Chez Privateaser, on estime que l’opération est largement rentable si le panier des clients pour une soirée avoisine les 70 euros. « Plus il y a de clients, plus c’est intéressant pour le professionnel, évidemment », avoue Kevin Meert, VP Sales dans la start-up en ligne. Les gérants disposant du plus d’espace et pouvant accueillir de grands évènements s’y retrouvent financièrement. Cependant, ce n’est pas le cas des plus petites structures pour qui l’abonnement mensuel est trop onéreux.

 

Un service peu rentable pour les petits établissements

Depuis 20 ans, Stéphane Lange gère Le Piston Pélican rue de Bagnolet, près du métro Alexandre Dumas. La décoration est atypique, le bar lustré et le choix de bières original et varié. Un profil facile à mettre en valeur sur un site comme Privateaser. Pourtant, Stéphane Lange fait la moue à l’évocation du site de privatisation. « Les prix ne sont pas du tout adaptés à des endroits comme le mien. Mon bar peut accueillir des soirées de 20 à 25 personnes maximum. Et le panier moyen ici est d’environ 22 euros donc faites le calcul, ironise l’homme, désenchanté. Ce n’est pas rentable du tout. » Selon lui, le développement de ces sites, à l’image de Booking dans l’hôtellerie, ou La Fourchette dans la restauration, a détérioré la profession de gérant d’établissement à Paris : « Tout le monde s’est inscrit sur ces sites, donc maintenant, la concurrence fait rage sur le web et, comme d’habitude, ce sont les plus gros qui gagnent le plus ».
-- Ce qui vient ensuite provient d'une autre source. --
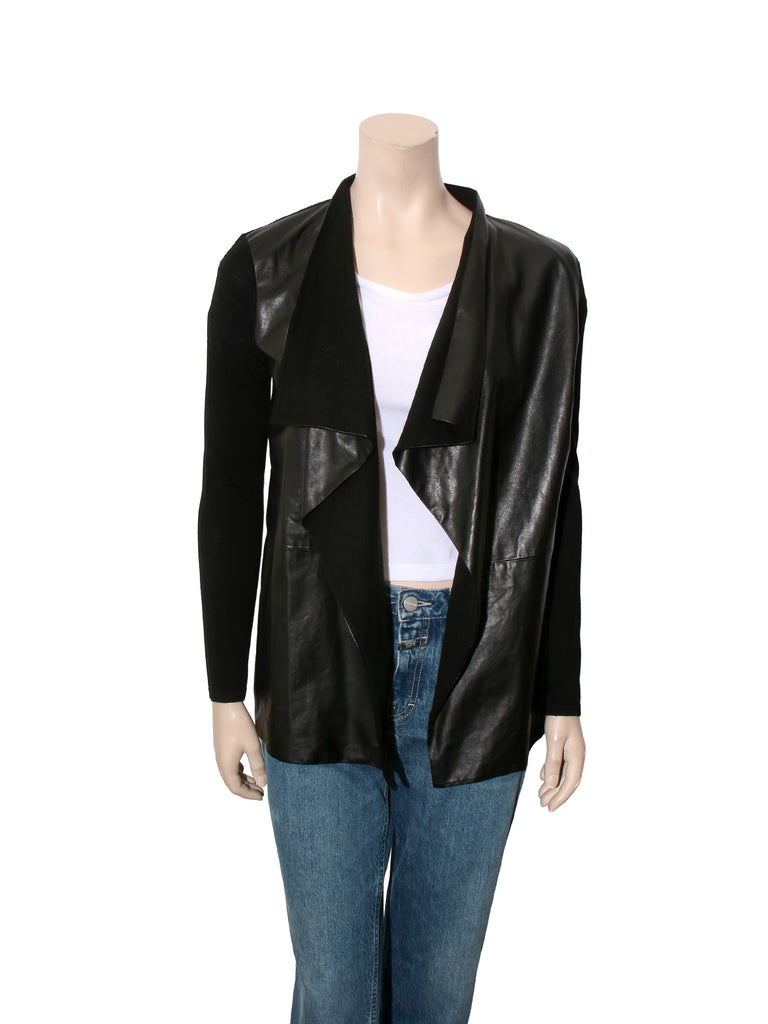 Leather and Knit Cardigan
L’avis est partagé par Nadia, gérante du bistrot à vin Le 12ème Cru près du métro Nation. « Le service est utile pour faire connaître son établissement », reconnaît la jeune femme. Privateaser peut prétendre offrir de la visibilité : 400 visiteurs sont recensés chaque jour sur leur site. « Une fois que les gens sont déjà venus, il vaut mieux dire leur dire de nous appeler directement pour la réservation de leur soirée. » Le manque à gagner du service est donc criant pour les établissements ne tablant pas sur une consommation effrénée à leur bar ou sur des clients au portefeuille fourni. Au-delà du coût conséquent de ces sites pour les professionnels, le type de clientèle attiré par la privatisation facile constitue un autre dilemme.

 

Une clientèle d’anniversaires

« Quand on passe par ces sites pour remplir son restaurant, la plupart du temps la clientèle est jeune et vient fêter un anniversaire, explique Stéphane Lange. Moi je refuse de n’accueillir que des anniversaires d’inconnus. Mon établissement perdrait tout son charme ». Conserver une part d’habitués du quartier dans sa clientèle est effectivement un luxe que ne permet pas Privateaser et consorts. Tout est une question de philosophie de travail. Pour Stéphane, « psychologiquement, c’est toujours mieux de connaître au moins en partie ses clients ». Le gérant déplore la nouvelle logique des consommateurs avec le développement de l’offre sur le web : « les gens cherchent juste l’endroit le moins cher avec le plus de réductions, au détriment de l’endroit ou de leurs bonnes relations avec le personnel. C’est dommage », confie-t-il, résigné.

De son côté Privateaser poursuit sa folle ascension, loin de toute considération philosophique. L’entreprise s’emploie maintenant à viser davantage l’organisation de soirées pour les entreprises. Un recalibrage qui ne manquera pas de bouleverser à nouveau le quotidien de nombreux gérants d’établissement.